I forgot to hit send on this earlier today, but speaking of David vs. Goliath, if you haven’t done it already, make sure to tarpit Alexandria, TheForest1, GitCitadel, and anything else you’re deploying that is expected to hold a lot of data. Otherwise, scrapers will come for the goods, overload the infrastructure and cost you quite a few sats.
Discussion
this stuff annoys the hell out of me too, i run my test #realy fairly infrequently but within minutes some bot is trying to scrape it for WoT relevant events, and i wish there was an effective thing to slow that down
i tried adding one kind of rate limiter but that didn't really work out so well, in the past what i've seen work best tends to be where the relay just stops aswering and dropping everything that comes in... probably if that included pings the other side would automatically drop
i've now added plain HTML and i think that requires something also but maybe more simple, like, if it gets a query more than once every 5 seconds for 5 such periods it steadily adds more and more delay in processing, the difference to sockets is to do it on http it has to associate with an IP address
I'm assuming your first-level WoT can auth and get around delays. Otherwise, uploading publications would collapse.
yeah, they are only reading, not writing, so all that would really be required is to slow them down
probably could split the direct followed vs follows of follows into two tiers also so that the second level of depth get less service quality
probably maybe should work on it today because this problem with scrapers is fairly annoying
it's only nostr WoT spiders at this point, i wish i could just suggest to the spider people to just open a subscription for these and catch all the new stuff live, that would be more efficient for them and less expensive for relay operators
at this point it's fairly early in the game for that stuff so maybe some education of WoT devs might help...

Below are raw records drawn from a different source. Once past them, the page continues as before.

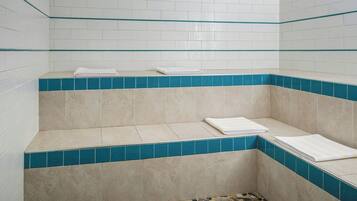 Un baño con azulejos blancos y azules, un banco y un piso de mosaico.
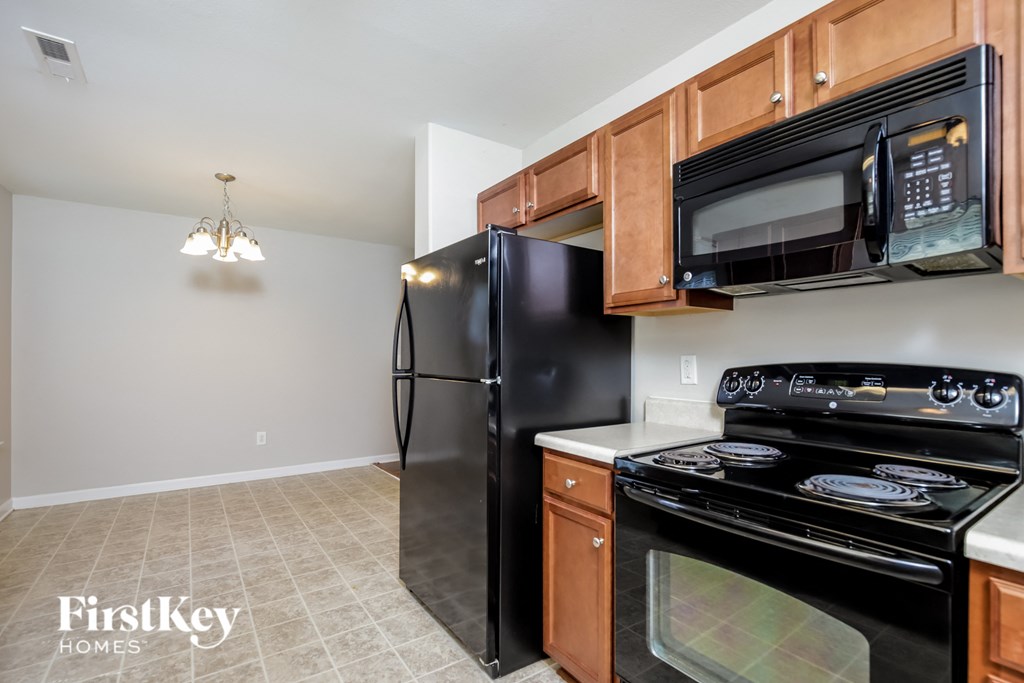 a kitchen with black appliances and wood cabinets
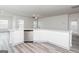Kitchen featuring white cabinets, stainless steel dishwasher, and a curved granite breakfast bar with sink at 299 Limestone Circle, Conyers, GA 30013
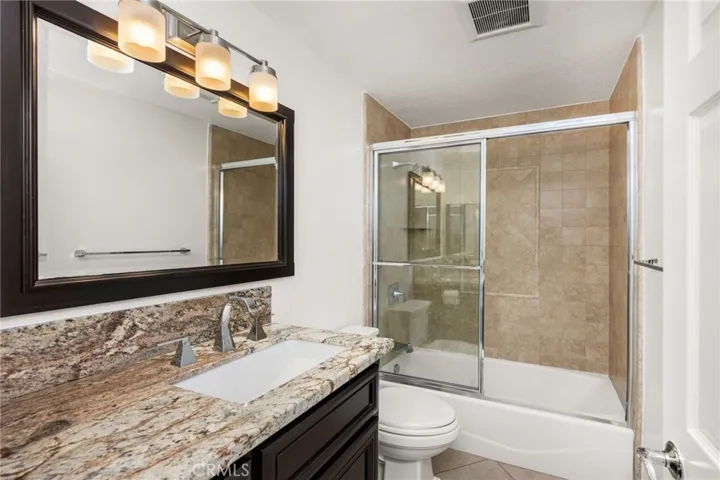 Updated secondary bathroom with granite vanity & tub/shower.
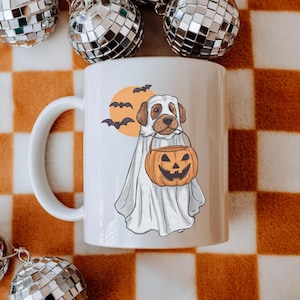 May include: White ceramic mug featuring a Halloween-themed illustration. The design includes a dog dressed as a ghost, holding a jack-o'-lantern, with bats and a full moon in the background. The mug has a curved handle and is set against a checkered orange and white background.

cc: nostr:npub176p7sup477k5738qhxx0hk2n0cty2k5je5uvalzvkvwmw4tltmeqw7vgup there is no point in doing sliding window spidering on events once you have the history, from then on just open a subscriptiion
this would be more friendly from the AI spiders if they had a way to just catch new updates, but unless dey pay me! i'm just gonna tarpit them
Yeah, I don't get the point of spidering data you can just stream. Like, they spider Nostr websites and it's like... just subscribe to the relay. *roll eyes*